In We Will Shoot Back: Armed Resistance in the Mississippi Freedom Movement, Akinyele Omowale Umoja argues that armed resistance was critical to the efficacy of the southern freedom struggle and the dismantling of segregation and Black disenfranchisement. Intimidation and fear were central to the system of oppression in Mississippi and most of the Deep South. To overcome the system of segregation, Black people had to overcome fear to present a significant challenge to White domination. Armed self-defense was a major tool of survival in allowing some Black southern communities to maintain their integrity and existence in the face of White supremacist terror. By 1965, armed resistance, particularly self-defense, was a significant factor in the challenge of the descendants of enslaved Africans to overturning fear and intimidation and developing different political and social relationships between Black and White Mississippians.
 
This riveting historical narrative relies upon oral history, archival material, and scholarly literature to reconstruct the use of armed resistance by Black activists and supporters in Mississippi to challenge racist terrorism, segregation, and fight for human rights and political empowerment from the early 1950s through the late 1970s.
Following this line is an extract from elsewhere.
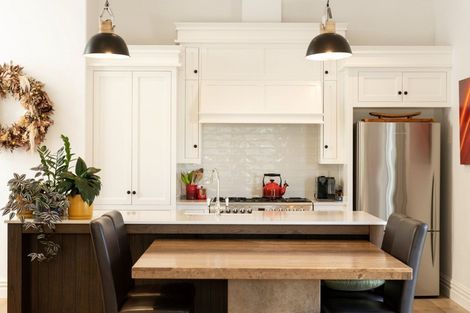 Photo of property in 35 Cassinia Close, Papamoa Beach, Papamoa, 3118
Akinyele Umoja is a historian and organizer born from the Black Power movement and Black Studies tradition of the late 1960s and early 1970s. He is a scholar-activist, institution-builder, author, educator, community father, husband, parent, and grandfather. He has been active over forty years in the Black Liberation Struggle. Dr. Umoja was the first graduate student of the noted historian, Robin D.G. Kelley, and his writing has been featured in several scholarly publications including The Journal of Black Studies, New Political Science, The International Journal of Africana Studies, The Black Scholar, Radical History Review and Socialism and Democracy.